The some "Evaluation Metric" for seen classes and novel classes.

Question

The some "Evaluation Metric" for seen classes and novel classes.

jingzhengli opened this issue 2 years ago · comments

Hi, thanks for sharing the great work!
I found that the same Evaluation Metric, i.e., the Hungarian algorithm, is used for seen classes and novel classes. In fact, I think that the standard "classification accuracy" should be used for seen classes, to avoid the mis-matching issue on seen classes.

Bingchen Zhao · Answer 1 · Tue Jul 26 2022 21:33:43 GMT+0800 (China Standard Time)

I think the use of the Hungarian algorithm here is because the method does not have a parametric classifier for both seen and novel classes, so the standard 'classification accuracy' is not applicable for both seen and novel classes.

Jingzheng Li · Answer 2 · Tue Jul 26 2022 22:15:46 GMT+0800 (China Standard Time)

I think the use of the Hungarian algorithm here is because the method does not have a parametric classifier for both seen and novel classes, so the standard 'classification accuracy' is not applicable for both seen and novel classes.

Thanks for your reply. I agree with you in this case.
I provide a way to measure the performance of a seen category using standard classification accuracy, similar to a prototype network: maybe we can directly calculate the classification accuracy of unlabelled instances within the cluster to which the labeled seen category belongs.

Jingzheng Li · Answer 3 · Tue Jul 26 2022 22:23:34 GMT+0800 (China Standard Time)

I think the use of the Hungarian algorithm here is because the method does not have a parametric classifier for both seen and novel classes, so the standard 'classification accuracy' is not applicable for both seen and novel classes.

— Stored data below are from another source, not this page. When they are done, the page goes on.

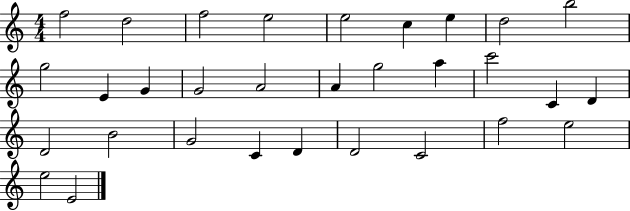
X:1
T:Untitled
M:4/4
L:1/4
K:C
f2 d2 f2 e2 e2 c e d2 b2 g2 E G G2 A2 A g2 a c'2 C D D2 B2 G2 C D D2 C2 f2 e2 e2 E2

If seen class uses Hungarian algorithm as metric, we cannot compare it with other baselines based on standard 'classification accuracy'.(not fair)

sgvaze · Answer 4 · Tue Aug 09 2022 22:25:43 GMT+0800 (China Standard Time)

Hi both, apologies for the delay in pitching in on this!

It is indeed an interesting point. 'Classification Accuracy' could be seen as 'Old ACC' if we do not perform the Hungarian Assignment over these classes and instead force the ground truth 'cluster_index --> class_index' mapping for the classes for which we have labels. In this way, Classification Accuracy is an upper bound to Old ACC (though note that assuming the GT mappings for the Old classes necessarily reduces ACC on the New categories).

We considered this discrepancy, but for now decided to do the Hungarian algorithm over ALL categories, as it allows for a 1-1 comparison with the fully unsupervised methods such as k-means clustering. In future works we may explore other options!

Jingzheng Li · Answer 5 · Wed Aug 10 2022 18:08:36 GMT+0800 (China Standard Time)

Hi both, apologies for the delay in pitching in on this!

It is indeed an interesting point. 'Classification Accuracy' could be seen as 'Old ACC' if we do not perform the Hungarian Assignment over these classes and instead force the ground truth 'cluster_index --> class_index' mapping for the classes for which we have labels. In this way, Classification Accuracy is an upper bound to Old ACC (though note that assuming the GT mappings for the Old classes necessarily reduces ACC on the New categories).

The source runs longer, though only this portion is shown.